PROBLEM TO WORK ON: For the material below, the expected output is exactly the lines between the line holding "If you look" and the line holding "Today we're going", inclusive, with pictures left out.

== == ==

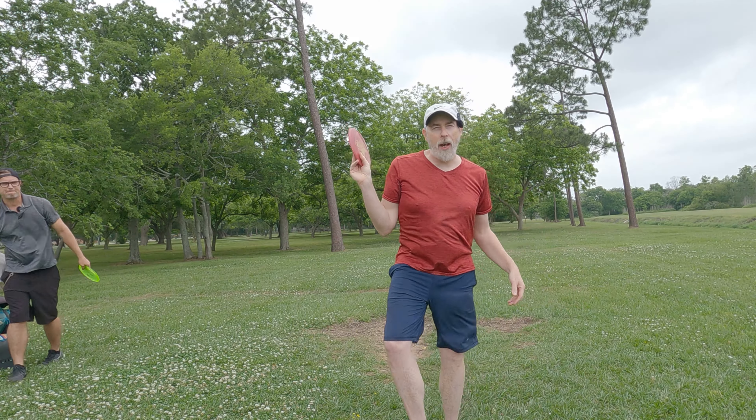There we go, get up there baby. There we go, that'll work — we're 73 feet out. Oh, that's my partner! Now you gotta make it. Nope, can't make it. I didn't need you closer.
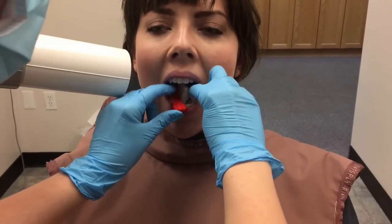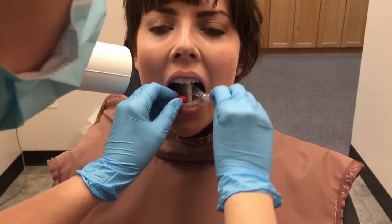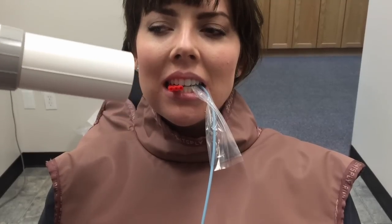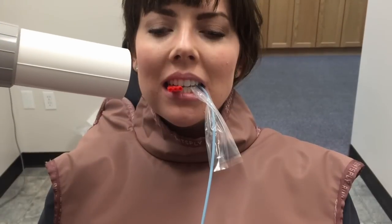I'm going to leave it right in her mouth and take it for the pre-molar shot. Move it towards the tongue, and the cord is going to come out over the opposite canine for the pre-molar shot, then bite together. Then take it out. The center of the PID is going to be lined up right with the bridge of her nose for the pre-molar shot, and then expose it.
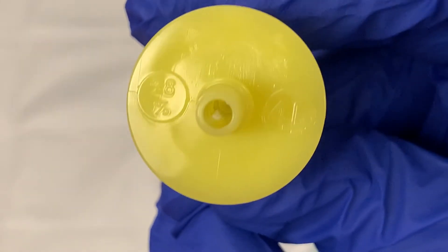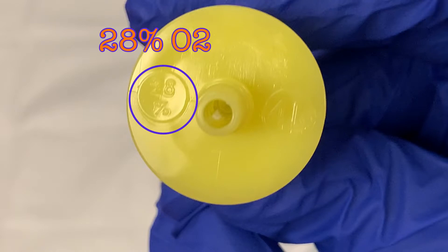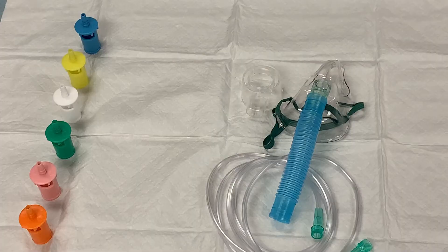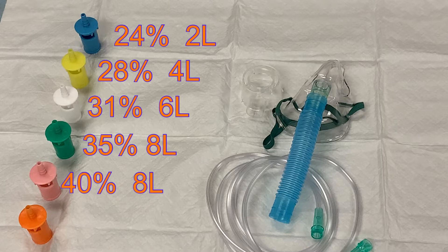If you look at the top of the adapter, you will be able to see what percentage of oxygen it is designed to deliver and how many liters of oxygen it will require. This yellow adapter delivers 28% oxygen and requires 4 liters of oxygen flow. The included adapters can deliver 24, 28, 31, 35, 40, or 50% oxygen to the patient when receiving the appropriate flow of oxygen.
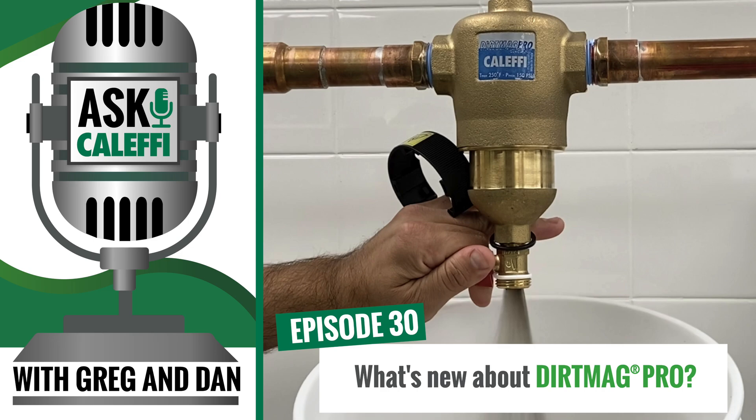Today we're going to talk about a relatively new product — not totally new, but a new twist on a nice product that we offer. It's a product that we were the pioneer on in the industry, and we've just taken it and made it better. We're talking the Dirt Mag, and in this case, the Dirt Mag Pro.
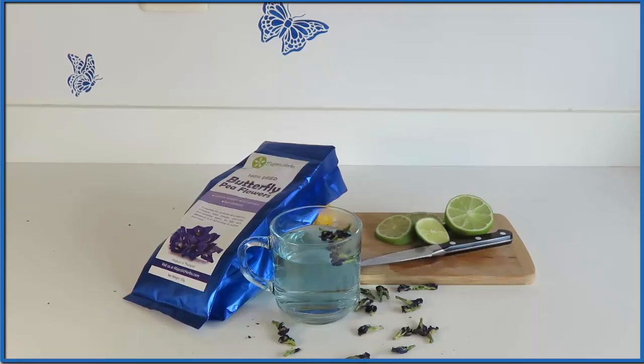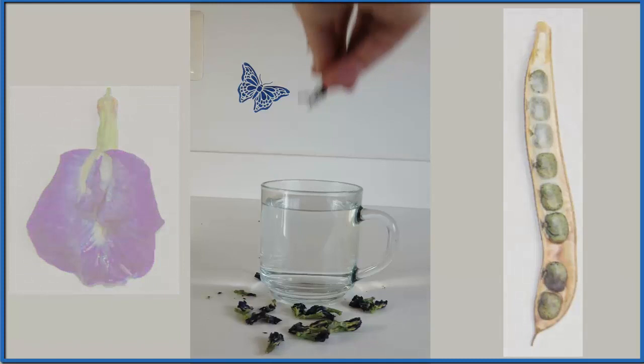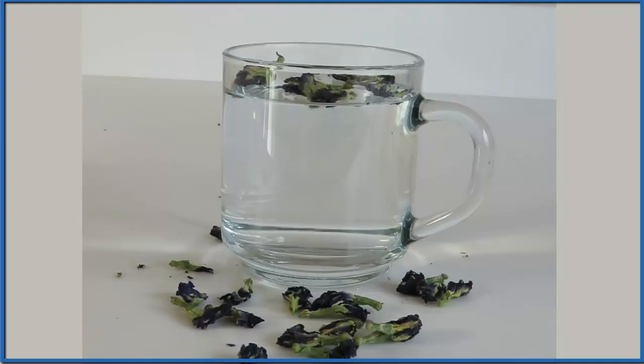A friend of mine gave me this butterfly pea flower tea, and this really is the best possible tea you could give a chemist. We put some of those dried flowers in and right away you see that blue coming from the flowers. If we wait a while and stir it up a little bit, the whole tea turns this really bright, beautiful blue.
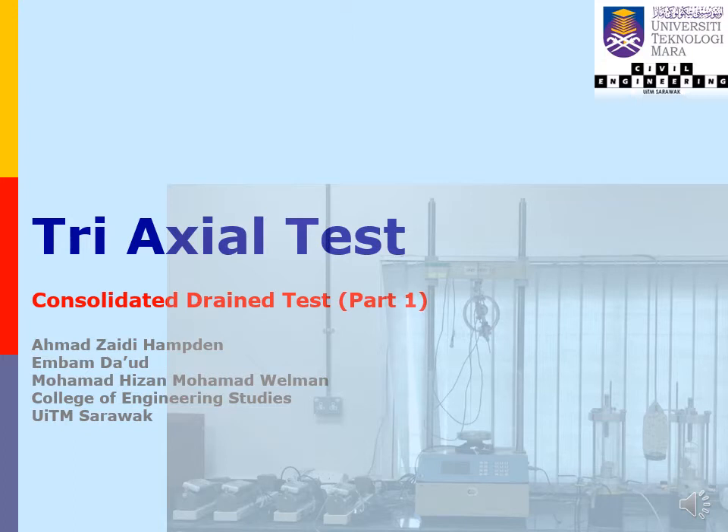Assalamualaikum and salam sejahtera. Welcome to the basic guide of consolidated drain triaxial testing module.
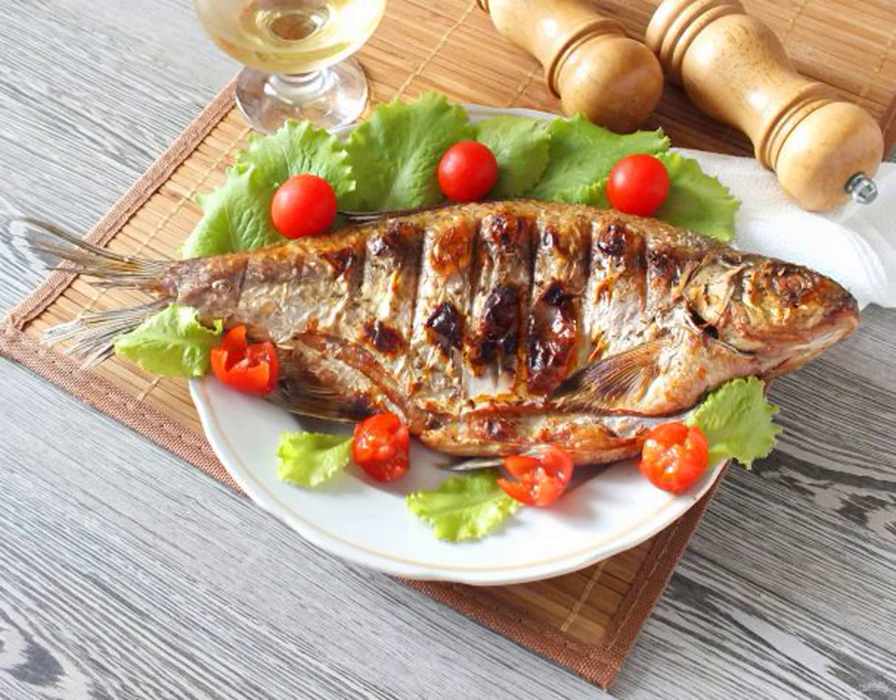It takes very little time to cook bream on the grill. Its sweet meat, seasoned with smoke, is truly a taste delight. I am sure that many people will appreciate it. I share a simple recipe.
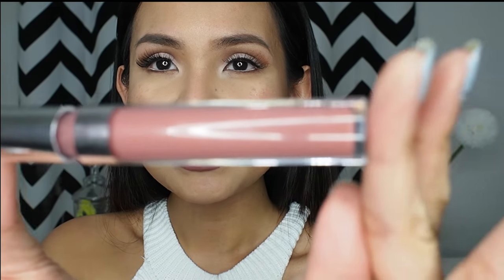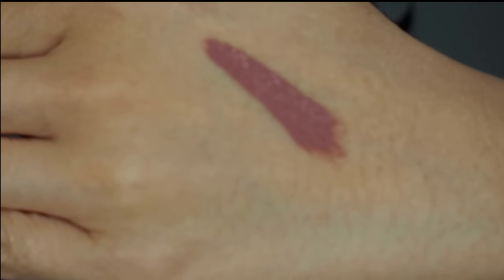I chose this color because on ColourPop's website, Beeper looks like a brownish pink color — that's the photo on their website. But on my lips, as you can tell, it is so much darker. When I swatch it this is how it looks like on the tube. It's a drastic comparison between the photo on their website and what it is on my lips. It looks darker and on different lights it actually looks plummy.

== == ==

ANSWER SECTION:
If you look at the top of the adapter, you will be able to see what percentage of oxygen it is designed to deliver and how many liters of oxygen it will require. This yellow adapter delivers 28% oxygen and requires 4 liters of oxygen flow. The included adapters can deliver 24, 28, 31, 35, 40, or 50% oxygen to the patient when receiving the appropriate flow of oxygen.
Today we're going to talk about a relatively new product — not totally new, but a new twist on a nice product that we offer. It's a product that we were the pioneer on in the industry, and we've just taken it and made it better. We're talking the Dirt Mag, and in this case, the Dirt Mag Pro.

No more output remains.